LAU MUN trainers empower middle school students from around the world
The Outreach and Civic Engagement unit successfully leads Model United Nations for Middle School Students in New York.
More than 1900 middle school students from 30 international cities and 30 U.S. states converged on New York at the beginning of the month to participate in the Global Classrooms International Model UN Conference for Middle School Students (GCI MS MUN). Run since 2015 by LAU’s Outreach and Civic Engagement unit (OCE), the event was held under the slogan “The Art of Diplomacy,” in collaboration with the United Nations Foundation.
During the conference, middle school delegates had the opportunity to step into the shoes of ambassadors and learn how to negotiate current world issues, resolve conflicts, and navigate the UN’s rules of procedure with fellow participants from around the globe. “Watching a delegate learn and grow, and become more diplomatic and objective in his/her thinking, as well as discover how to apply those skills to his personal life, gives us staffers a profound feeling of pride,” says recent LAU graduate Rahma Dalbani, who served as this year’s Director General of the conference. “We are working toward something bigger than ourselves, helping change someone’s life.”
Dalbani led a team of LAU students in coordinating 13 simulated UN committees, which included presentations on the day-to-day workings of the global forum by directors of UN specialized agencies. “The secretariat, whose members had never worked together before, collaborated behind the scenes to run a smooth conference,” notes Ghina Harb, OCE leadership and civic engagement lead coordinator. “The GCI experience brought together LAU students who started their journey as volunteers and ended up as family.”
As LAU enters into the second decade of its involvement with Model UN simulations, the university’s “student leaders are veterans in terms of commitment and competence in the realm of educational depth, cognitive value, logistics and administration, public information and public relations,” says Elie Samia, assistant vice president for Outreach and Civic Engagement at LAU. “Their accumulated experiences in local and international conferences pay off as they serve with clarity of mind, intensity of focus, unparalleled devotion and lucid perspicacity.”
While this year’s GCI MS MUN included such thrilling highlights as a closing ceremony held in the General Assembly Hall at the UN Headquarters, the LAU students involved uniformly recognized the long-term benefits of putting together such a massive conference.
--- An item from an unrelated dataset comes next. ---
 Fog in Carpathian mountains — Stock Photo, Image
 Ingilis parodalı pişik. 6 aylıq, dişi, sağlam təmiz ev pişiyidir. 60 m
Secretariat member Ziad Abi Fares points out that “it helped us grow as people in terms of personality, and organizational and communication skills.”
His colleague Fouad el Kadi, a third-year petroleum engineering student at LAU Byblos, is motivated by “the impact the program has on the middle school delegates.” More specifically, “when teachers from the schools thank us for the change their student underwent― turning from an introvert to an extrovert, becoming more accepting or an eloquent public speaker―we feel the urge to serve this program for the benefit of these young students who will grow into future leaders.”
In addition to running the GCI Middle School Conference in NY, LAU has been entrusted by the United Nations Association of the United States of America (UNA-USA) to run the high-school version of the program scheduled for May 11-13.